Perimeter Security and Why It’s No Longer Adequate
What this analogy makes clear is that the cyber defense measures discussed above all fit into the traditional perimeter security model. The philosophy behind this approach was that we could trust everything already inside our networks but that we couldn’t verify the safety of anything outside the network. In response, we were told to employ tools like firewalls to secure the perimeter against external threats.
Today, however, this perimeter-centric model can no longer provide an adequate level of defense. A previous blog post for Lastline attributes this development to two forces. First, mobile workforces and the cloud have helped to make the perimeter more porous, thereby making it impossible for us to take the black-and-white view of blocking everything outside the network. Second, bad actors are developing increasingly sophisticated attacks, including those which leverage unknown exploits to bypass detection by security tools.
Cyber criminals aren’t the only ones who are this innovative. John observed such ingenuity during his stay in Nicaragua. As quoted in his blog post:
“Physical security investments are ever growing because criminals continue to find ways past the existing traditional defenses. They use 12′ ladders to hurdle 10′ walls. Razor wire is defeated with an old piece of carpet. Cameras blinded with spray paint.”
Going the Extra Security Distance
Given the ever-changing threat landscape, we need to do something to bolster our defenses and stay one step ahead of cyber criminals. This effort should take increasingly sophisticated attacks and a porous network perimeter into consideration. That’s a lot to do. What type of response can do all of that?
In John’s case, many people got dogs. They did so not just to objectively augment their home’s security. They also did so to prevent their homes from standing out among those of their neighbors as an easier target.
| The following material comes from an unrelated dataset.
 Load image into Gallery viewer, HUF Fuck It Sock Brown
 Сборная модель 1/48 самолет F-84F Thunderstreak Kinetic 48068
“Crime was a certainty; the only question was one of victim selection. And, the least appealing target would have an advantage. All the homes had walls, and barbed wire and cameras. And now, they also have dogs. To be secure was important. To be the least hospitable target was equally important.”
The same conclusion is true in IT security. Plenty of us have perimeter security measures in place, but we need to add extra defenses so as to not be a hospitable target. As we all know, criminals are known to develop attacks based on their understanding of state-of-the-art security. They craft these campaigns so that they will evade detection by our traditional perimeter security measures, and they then launch their attacks against a wide range of targets. Those of us who lack additional protection will likely get compromised; if the criminal is successful, those without extra defenses won’t be able to detect and/or defeat the attack. Such is the way in which these attacks prove especially effective against organizations that have not kept up with the threat landscape.
What these organizations need is a guard dog. More specifically, they need visibility inside their network – a sophisticated security utility to monitor the network for anomalous behavior. This tool should blend AI and threat intelligence together to provide high fidelity insight into potential threats while minimizing false positives.